3/10/2009

Leanne Eisen

Untitled (2006) by Leanne Eisen [barph.wordpress.com]


All Eyes on Eisen by Leah Sandals
NOW Magazine - 02/12/09
(Excerpt)

Whether you celebrate Vagina Day or Valentine's Day this weekend (or both), sex and gender are ardently on the brain.

O'Born Contemporary dives into these themes with Peepshow #5, a group show featuring moody motel scenes by Torontonian Finn O'Hara, sexy if solitary self-portraits by Holland's Camilla Holmgren, sex-trade sites by Ryerson student Leanne Eisen and a selection of anonymous mid-century nudes.

O'Hara's and Holmgren's work is okay, but Eisen's colour photos are the highlight.
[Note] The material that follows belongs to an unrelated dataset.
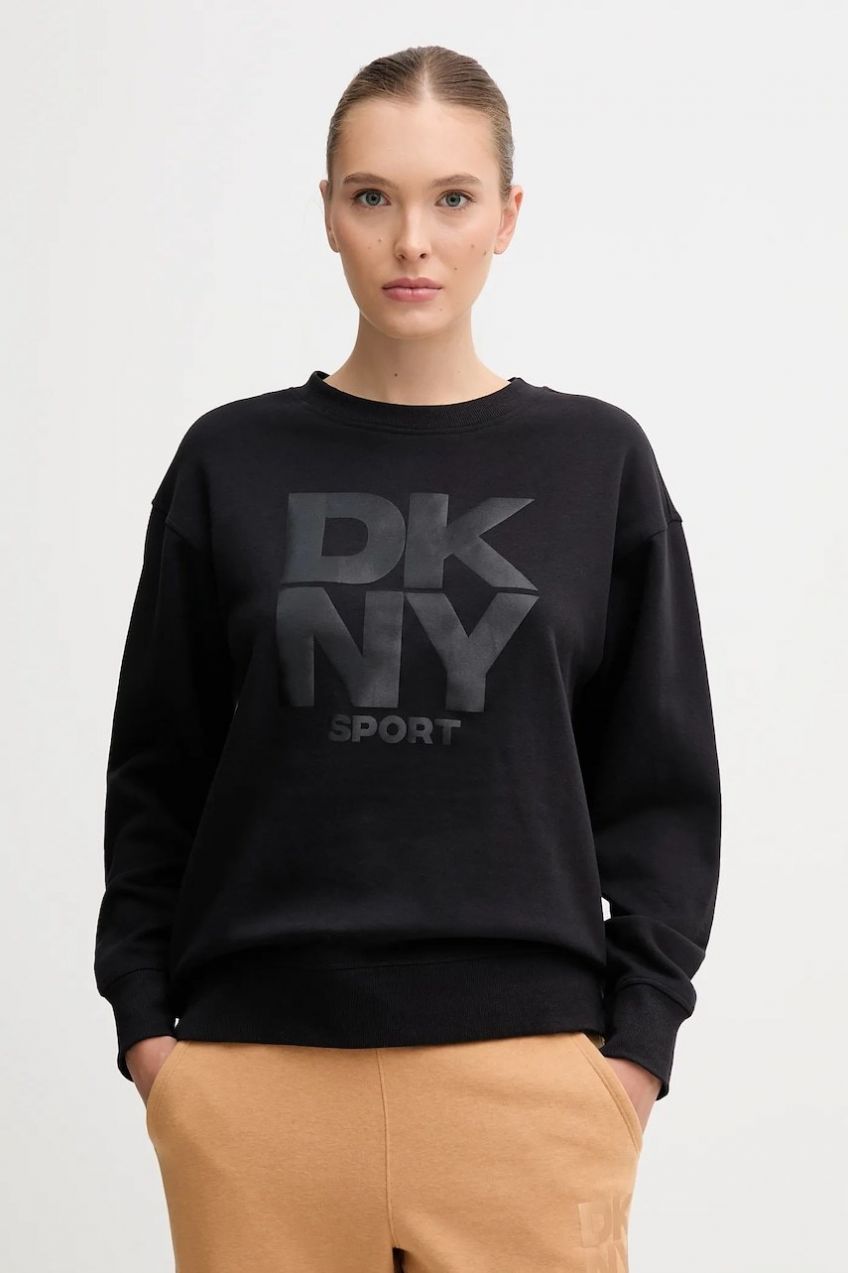 Mikina Dkny čierna farba, vzorovaná, DP5T1444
For her 2006 series, Play, she reconstructs a brothel, a strip club and other sex trade sites in dollhouse scale, then photographs and enlarges those scenes.
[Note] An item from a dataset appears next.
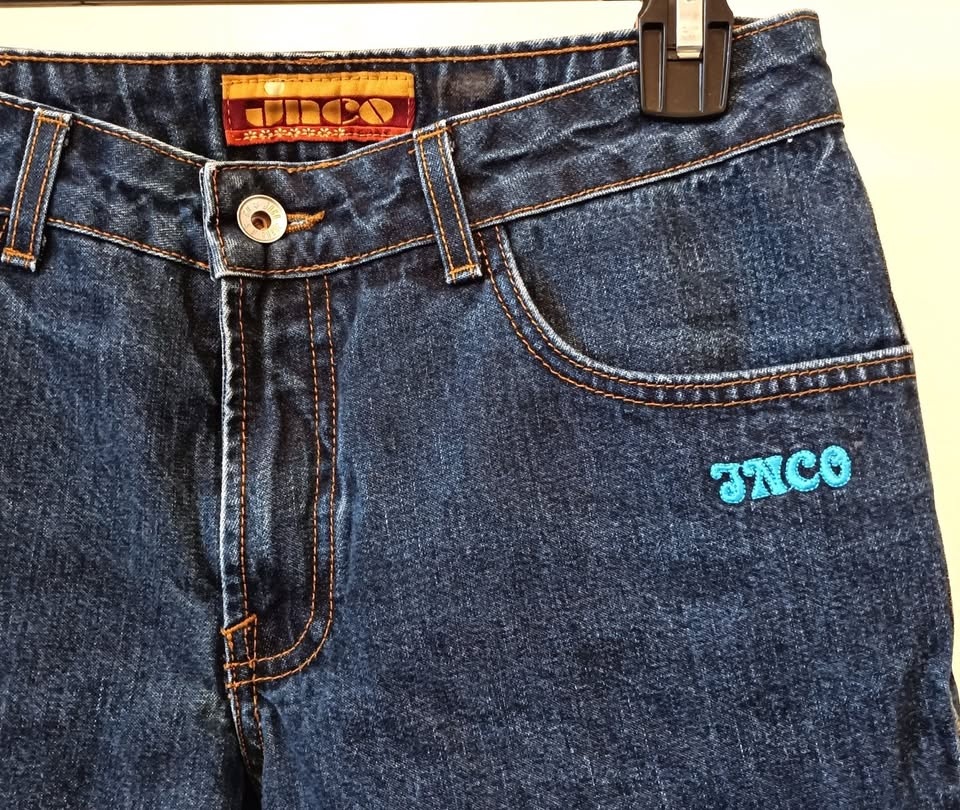 Vintage JNCO Jeans Flared Capri Rainbow Stitching - photo 2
Eisen's settings range from the lurid, like a sparkly-bedspreaded, mirror-walled room, to the bare bones, like a dingy sunken-mattress, wrung-out-washrag affair. In all cases, Eisen fascinates with sheer meticulousness. Bowls of condoms, rows of fetish footwear, piles of porn mags and side tables of toys, lube and egg timers are all convincingly miniaturized.

The detail's not just material; Eisen also reproduces a long list of "in-house rules". Some are cryptic, like "Every walk must be verified before customers leave." Others get grammatically creative, like "When customers are in parlor everyone must parlor." And others are prison-like - "Visits on Sunday (1 hr)", "Phone calls on Sunday (1)".

Overall, the photos give a sense of these places as schizophrenic sites for both far-out fantasy and cold commerce, for potential ecstasy and possible exploitation.

Leanne Eisen
Play
The games we play as children are rehearsals for the roles we play in life. Traditional toys for girls nurture homemaker stereotypes, simulating traditional domestic roles through play. In these photographs, I am exploring the possibility of the same staging taking place with the prolific, but publicly hidden occupation of prostitution. By constructing these scenes in miniature, I project representations of the sex industry onto the medium of the conventional dollhouse. As polar opposites, the homemaker and the sex worker are highly constructed and restrictive roles, the most deeply-rooted myths of the feminine.
Pieced together from many sources of representation these constructed spaces can be peered-into and examined.
* update: I am now constructing a seven room 1/12 scale dollhouse brothel, and will be extending this series over the next few months.